Tapping into the University’s AI expertise
ZOO, which works with a global network of over 5,000 freelance translators and dubbing artists, knew that changing an adult voice into a child’s voice was not just about changing pitch but adjusting the style of delivery too and decided to seek help from the University’s Speech and Hearing Research Group after several previous successful projects involving speech and AI.
“Initially we took our lead from them because we didn’t have any internal resource. Like most AI projects, we knew it would require a lot of training data – so lots of examples of speech from both adults and children – what we call parallel data where you have one adult reading a script but several children reading exactly the same script.”
“We don’t see this as replacing real actors. We are looking to generate a specific voice -so there's a real actor who has recorded their voice and provided it as a target specifically for this purpose.

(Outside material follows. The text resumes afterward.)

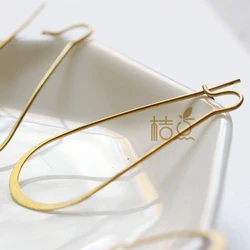 DIY Supply-20 Pieces Solid Raw Brass Hammered Earring Finding - Earring Hook - Earring Hoop 38x17mm (4375C-Q-14)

“Our aim was not just to transform the voice, but also the performance, because this process is intended for TV dramas and the like. It can’t just be like a newsreader speaking in flat tones,” Chris said.
Finding children to produce the training data for the University collaboration was a challenge so ZOO staff turned to their own families for help with the research exercise.
“We ended up with a number of individual child speakers and around 10 hours of recorded speech in total.”
University of Sheffield Head of Speech and Hearing Research Professor Thomas Hain said: “Voice conversion is a long standing topic in our speech community and so we've worked on some of that technology before, yes, but not specifically for children. That’s why it was an interesting project.
“This project was all about machine learning. So, you need data that says: ‘Okay, here's an example of an adult speaker. Here's an example of a child speaker, same audio’. The machine then has to ‘learn’ the parameters that provide that mapping between the two.
“If you do it with reasonable quality you will end up with something like the fingerprint of a child’s voice.”
ZOO’s 18 month Knowledge Transfer Partnership (KTP) with the University ended in autumn 2023 and has left the company with a showcase of pre-canned examples of adult/child voice transformations to share with TV and film studios. The company ultimately aims to develop a live system where an adult voice is fed into software and a child’s voice comes out of the other end and expects its new competitive edge to be responsible for generating a £1 million profit within three years.
Professor Hain said: “From my perspective, the KTP worked better than expected and the outcomes were really very good. Given the constraints and timescales under which we were working, the quality of the generated speech was so much better than we could have hoped for - but for me this is all part of a journey where you try to basically upscale companies to use really modern technologies.
“The world of AI progresses very fast. And the very big computer companies that have a lot of money have an enormous advantage. One of the satisfactions for me is helping smaller companies to compete with that.”